Exterior view of Frieze Los Angeles, 2023. Photo by Casey Kelbaugh. Courtesy of Casey Kelbaugh and Frieze.
Los Angeles seems like the perfect city for a major art fair with a solid history of galleries and museums that have exhibited contemporary art since the 1950s. Over the years, however, the city has seen several art fairs arrive with excitement before fading with a whimper—until the arrival of Frieze in 2018.
Since the prestigious fair’s arrival, the city has seen an influx of galleries, which has engendered something of an art world boomtown, on par with the excitement that has been building around cities like Paris and Seoul (which are also homes to major art fairs).
The city’s younger galleries—including Anat Ebgi, François Ghebaly, Make Room, Nino Mier Gallery, and Night Gallery—have multiple locations, while blue-chip gallerists such as Blum & Poe, Jeffrey Deitch, Gagosian, Hauser & Wirth, David Kordansky Gallery, Matthew Marks Gallery, Regen Projects, Sprüth Magers and Vielmetter Los Angeles have either big buildings, multiple spaces, or both.
Within the past year, Sean Kelly Gallery and Pace Gallery have opened spaces and Lisson Gallery, Perrotin, and David Zwirner currently have galleries under construction. When asked if Frieze Los Angeles has played a part in this current boom, Christine Messineo, the fair’s director of Americas, told Artsy that “Frieze has been instrumental to collecting education.
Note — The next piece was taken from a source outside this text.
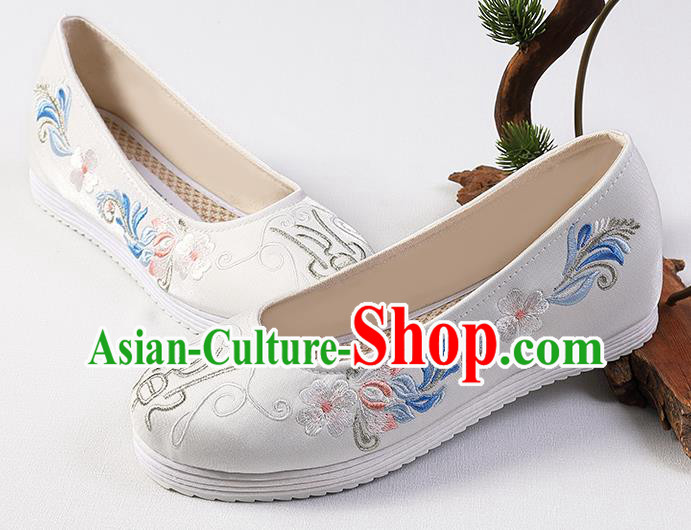 Chinese Classical Embroidered White Shoes Traditional Wedding Shoes Handmade Hanfu Shoes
We’re a reliable resource.”
Interior view of Frieze Los Angeles, 2023. Photo by James Jackman / CKA. Courtesy of Frieze.
Sited at the Santa Monica Airport in the Barker Hangar, where exhibitors featuring 20th-century art were joined by the newly expanded Focus section (for galleries of and under 12 years of age), and in a giant tent which showcased galleries from across the world and the greater Los Angeles region, the fourth edition of Frieze Los Angeles hosted more than 120 exhibitors from 22 different countries.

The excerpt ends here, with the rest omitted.